Nós e os Títulos. Por Luis Fernando Amstalden

Posted on 4 de abril de 2013 por

17



"Doutor e Meretíssimo" Nicolau dos Santos. Ex juiz preso por desvio milionário

“Doutor e Meretíssimo” Nicolau dos Santos. Ex juiz preso por desvio milionário

Aconteceu novamente por estes dias. Entreguei um cartão de visitas a uma pessoa com quem eu conversava, para que ela tivesse meu email. Ao olhar para o cartão (que geralmente uso para fins acadêmicos também), a pessoa exclamou: ”Você é doutor!?”, “É, sou…” respondi. “E porque você não usa o título?” tornou meu interlocutor. Bem, na verdade eu uso para o que ele serve, para atestar, nas universidades e faculdades, que eu cursei o doutorado e defendi uma tese, logo sou considerado, pela academia, um pesquisador apto, um doutor. Uso também quando preciso assinar algum documento em que seja necessária a comprovação de que sei do que estou falando. Se a pergunta se referia a isso, a eu usar o título para provar meu grau e meu conhecimento, então, sim, eu uso. Mas será que foi isso que o rapaz quis dizer?

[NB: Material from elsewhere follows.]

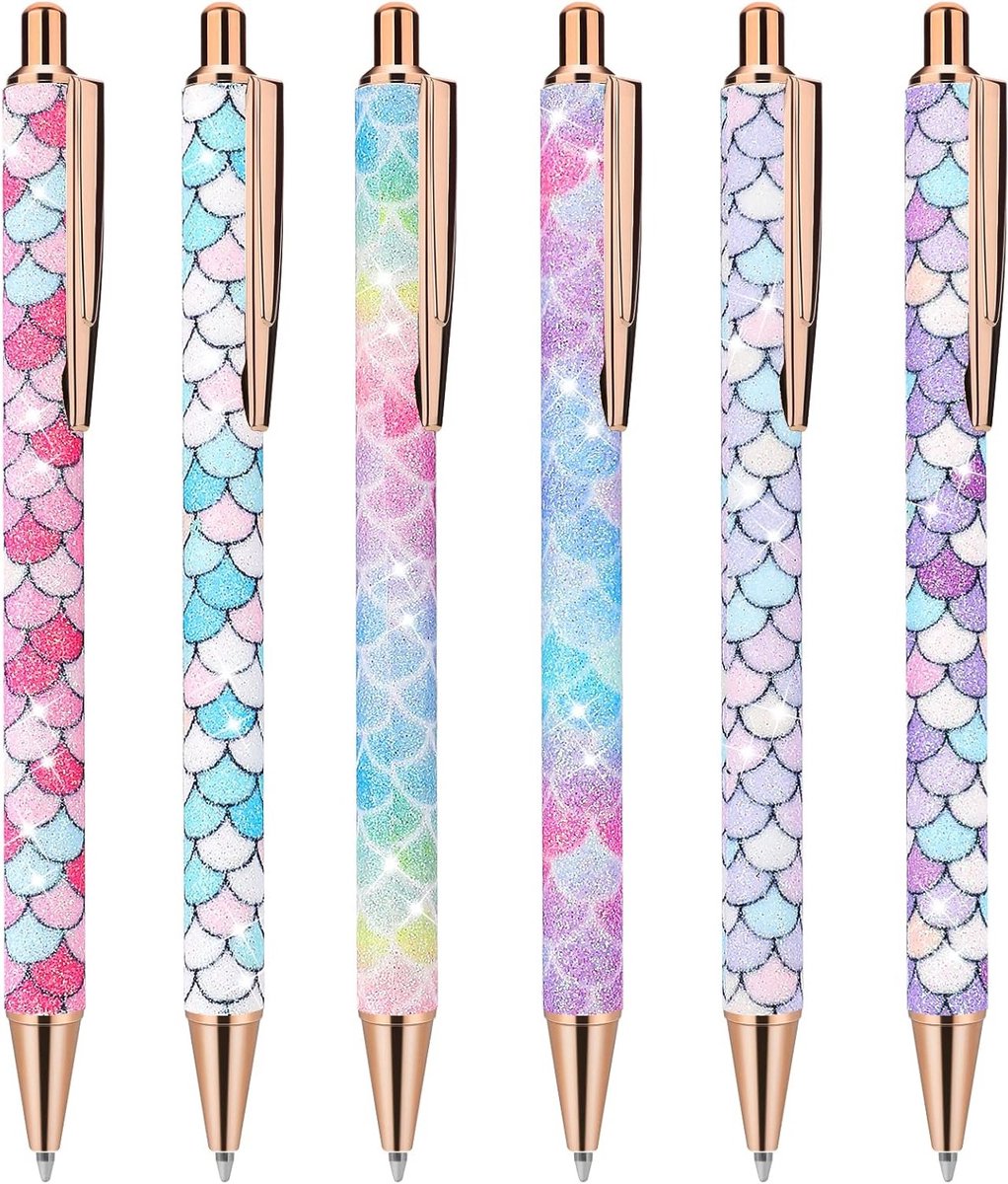 Glitterpennen Set van 6 - Metalen Intrekbare Balpennen met Zwarte Inkt - School, Kantoor, Creatieve Projecten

Creio que não. Creio que o que ele se referia é ao fato, tão comum e tão tolo, de algumas pessoas fazerem questão de serem chamadas de “doutor” pelos outros, particularmente por aqueles de condição social e cultural inferior. Você conhece o caso, é aquele tipo de gente que gosta que sua empregada doméstica ou o frentista do posto o chame assim. Mas tem também aqueles profissionais que querem ser chamados de doutores, muito embora jamais tenham passado por uma pós-graduação. É o caso de advogados, dentistas e médicos e as vezes até outros profissionais de saúde como fisioterapeutas e farmacêuticos que colocam em seus talões de cheques, em placas em seus consultórios e escritórios e até na placa de sua residência (já vi isso mais de uma vez) a abreviação “Dr(a)”. Claro que médicos, dentistas e advogados, para não falar de outros profissionais, têm mérito por haverem estudado. Mas doutor não é um título honorífico (a não ser quando recebido “in honoris causa”) e sim um título acadêmico. Logo, um bom médico ou um bom advogado deve ser respeitado pelo que ele é, um bom profissional (se for, claro) e não por um título a que não faça jus e, falemos francamente, nem necessita, se não for um pesquisador.

Aliás, por que as pessoas gostam de ser chamadas assim? O doutorado lhe dá algum caráter? Vou lhes dizer, tendo passado a maior parte de minha vida em ambientes universitários, posso garantir que o título não significa nada além de uma especialização profissional. Para ser franco, conheço vários canalhas que têm doutorado. Alguns ascenderam na profissão exatamente por isso: tem o título, mas não têm caráter, e passaram por cima de colegas, alunos, funcionários e quem quer que fosse para subir. São apenas canalhas e não merecem respeito algum.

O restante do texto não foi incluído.